Açıkçası ben hiçbir zaman onlardan biri olmadım. Ben farklı olmakla övünüyorum, farklı olmasaydım bunun üstüne bu kadar düşünmez herkesin yaptığı hataları yapardım, diyorum. Ben gözlemliyor ve sorguluyorum, kendi erkekliğimi kendim kuruyorum.
Cisgender (beden cinsiyeti ve cinsel kimliği uyumlu)  olsaydım "oğlum", "koçum", "aslanım"larla büyüyecektim ve sürekli pohpohlanan bir yerden kurulacaktı erkeklik benim için. Oysa bana sürekli "kızlar öyle yapmaz", "erkek gibi davranma", "saçını oğlan saçı gibi kestirme" dendi.
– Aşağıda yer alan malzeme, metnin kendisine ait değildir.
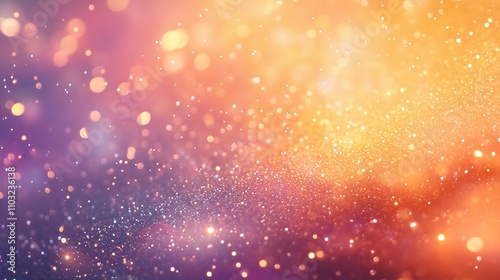 Glittering gradient background with hologram effect featuring magic lights, fairy sparkles, gold stars, and festive blurred abstract fantasy backdrop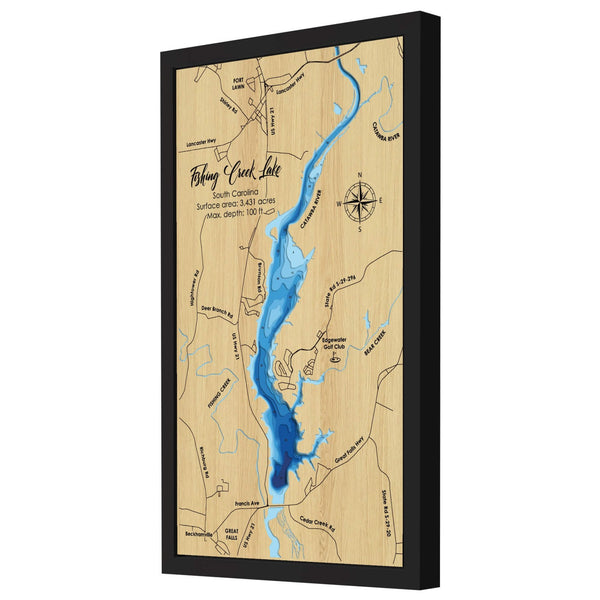 Fishing Creek Lake 3D Wooden Map - Blue – 9 Layers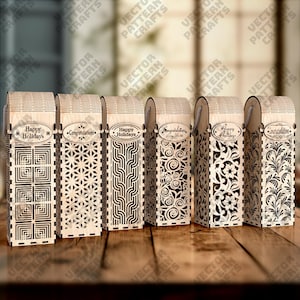 Dekorative Geschenk Flasche Wein Box 6 Bündel Laserschnitt svg Datei Glowforge hölzerne Weinflasche Box svg Cricut Flasche Wein Box Dxf Vektor-Muster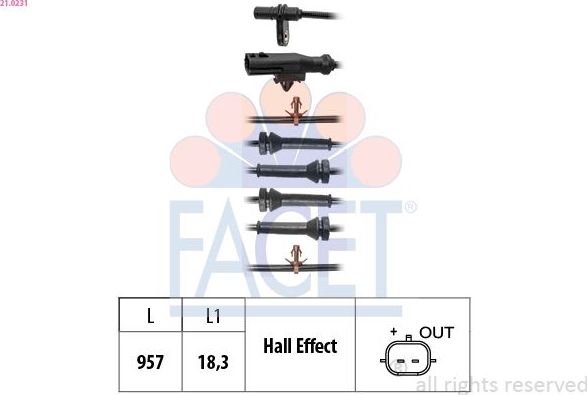 Датчик ABS Facet Made in Italy - OE Equivalent. Артикул 21.0231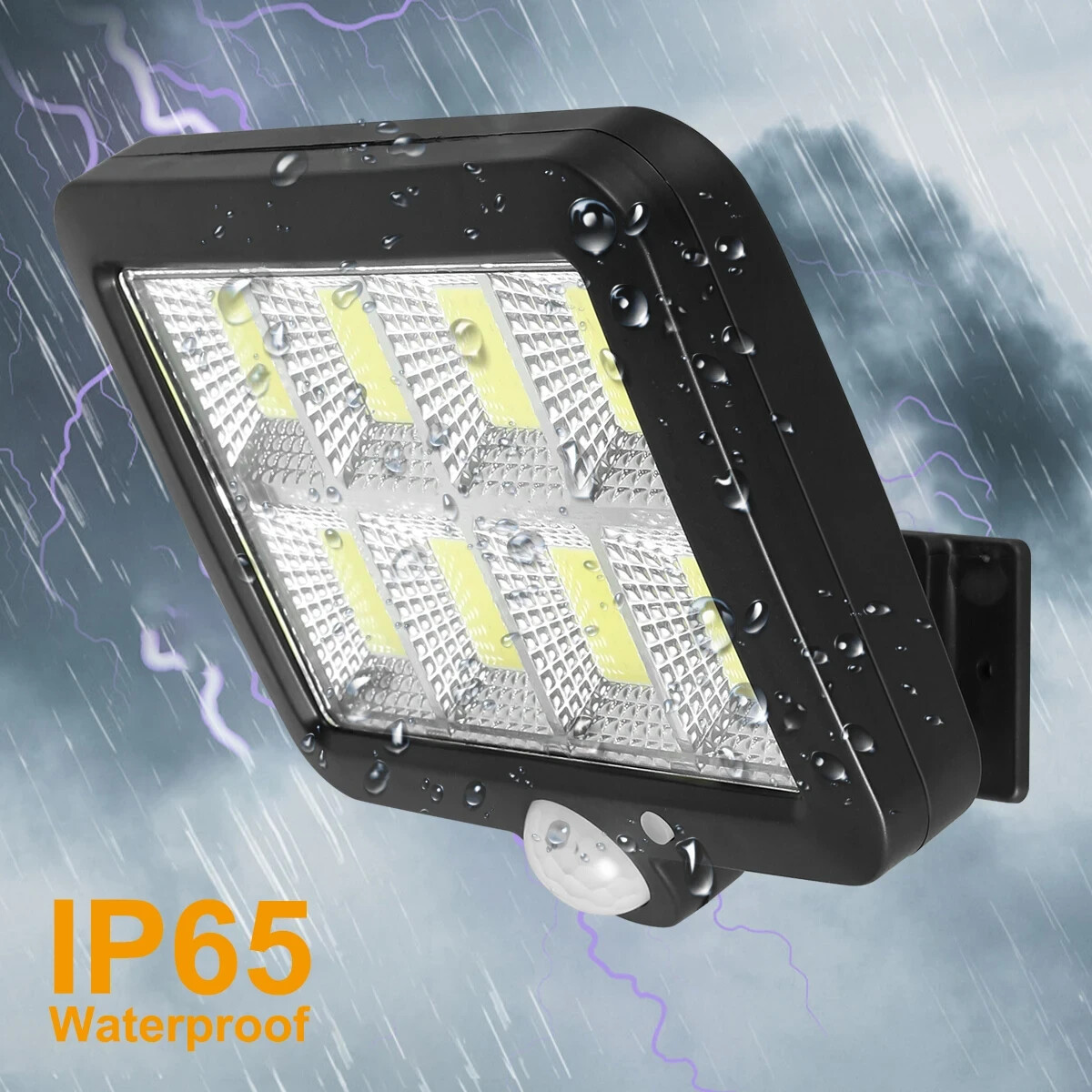 2PCS Solar Wall Light LED Motion Sensor Outdoor Bright Flood Street Lamp 3 Modes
Ben itirazlar üzerine kurdum erkekliğimi, bir kontra atak gibi. Aşağı yukarı tüm transseksüellerin hikayesi de benimki gibi değil mi? Kontra'yız hepimiz, trans zaten biraz da bu demek. O yüzden öyle transı baştan atıp sadece kadın/erkek demekle olmaz o iş...
"Trans erkek/kadın demek üçüncü bir tür yaratıyor gibi geliyor bazen, sonradan olmuş, imitasyon gibi bir vurgu yapıyor." diyenler var, haklılar. Negatif anlamlar yüklerseniz yapıyor bunları elbette.Velev ki ben "trans"a çok pozitif anlamlar yüklüyorum. Bir de düşüncelerinizin odağına penisi koyarsanız yapıyor o imitasyon vurgusunu. Ben odağa kişisel tarihimi koyuyorum.Geçmişimle, bunun bana kattıklarıyla cinsel kimliğimi tanımlamaktan da övünç duyuyorum.